- **TASK STATEMENT**: Provide an exact copy of the data, excluding the images.

- **DATASET CONTENT**:

****

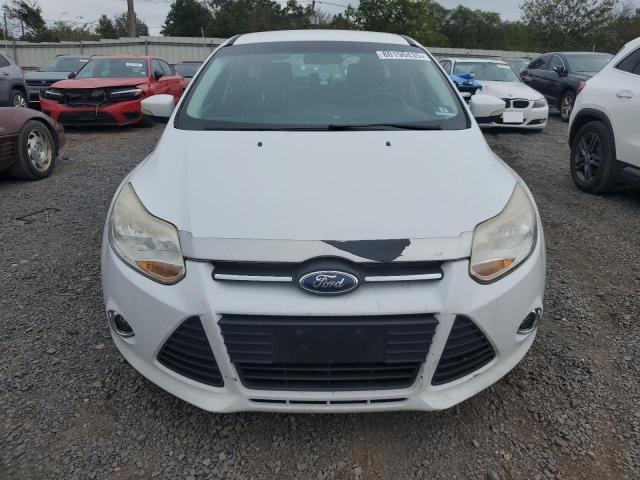 Photo 5 from auction – 2014 FORD FOCUS SE with VIN 1FADP3K24EL323489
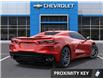 2025 Chevrolet Corvette Stingray (Stk: 83773) in St. Thomas - Image 4 of 24
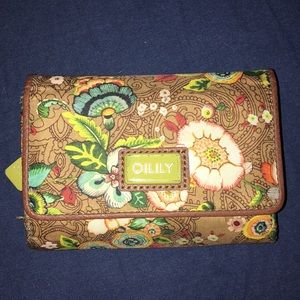 Wallet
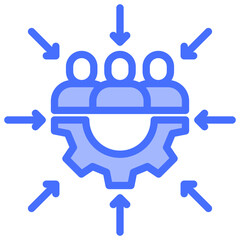 Customer Icon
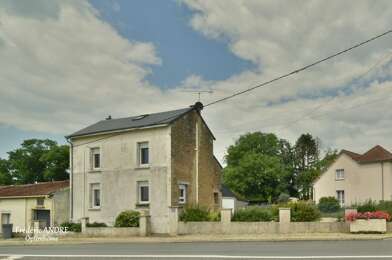 Maison 5 pièces 152000 €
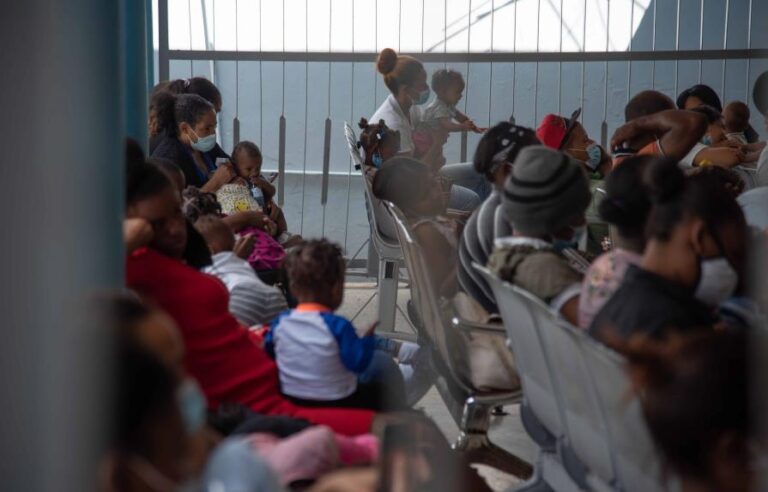 Aumenta presencia de niños con influenza en consultas pediátricas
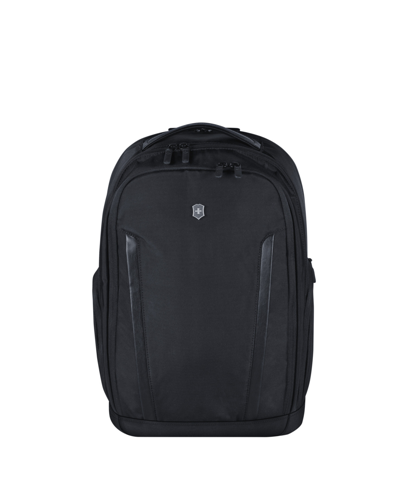 Victorinox Altmont Professional Deluxe Travel Laptop Backpack In Black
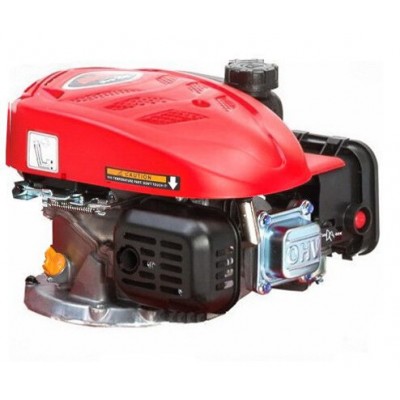 Двигун бензиновий AL-KO Pro 125 OHV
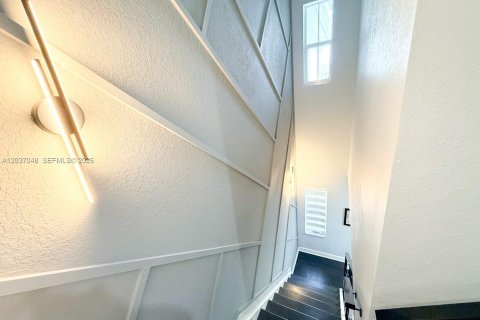 Touwnhouse à louer à Coral Springs, Floride: 3 chambres, 124.86 m2 № 2153892 - photo 20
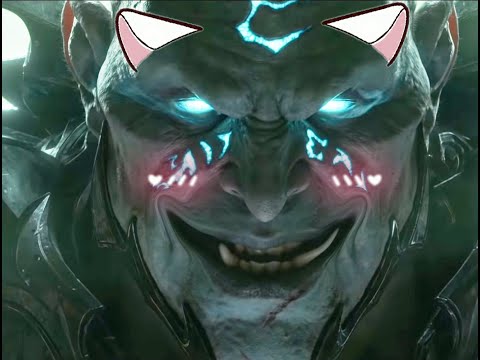 Zovaal, The Jailer│Lore│World of Warcraft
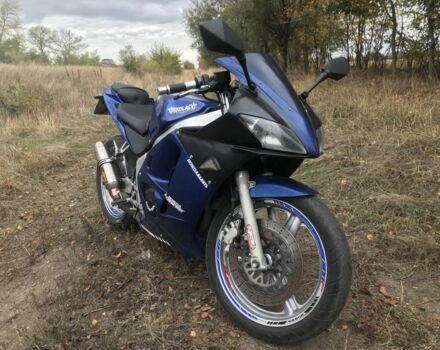 Хонда Другая, объемом двигателя 0.25 л и пробегом 0 тыс. км за 1539 $, фото 2 на Automoto.ua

****

- **RESULT**:
 Photo 5 from auction – 2014 FORD FOCUS SE with VIN 1FADP3K24EL323489
 2025 Chevrolet Corvette Stingray (Stk: 83773) in St. Thomas - Image 4 of 24
 Wallet
 Customer Icon
 Maison 5 pièces 152000 €
 Aumenta presencia de niños con influenza en consultas pediátricas
 Victorinox Altmont Professional Deluxe Travel Laptop Backpack In Black
 Двигун бензиновий AL-KO Pro 125 OHV
 Touwnhouse à louer à Coral Springs, Floride: 3 chambres, 124.86 m2 № 2153892 - photo 20
 Zovaal, The Jailer│Lore│World of Warcraft
 Хонда Другая, объемом двигателя 0.25 л и пробегом 0 тыс. км за 1539 $, фото 2 на Automoto.ua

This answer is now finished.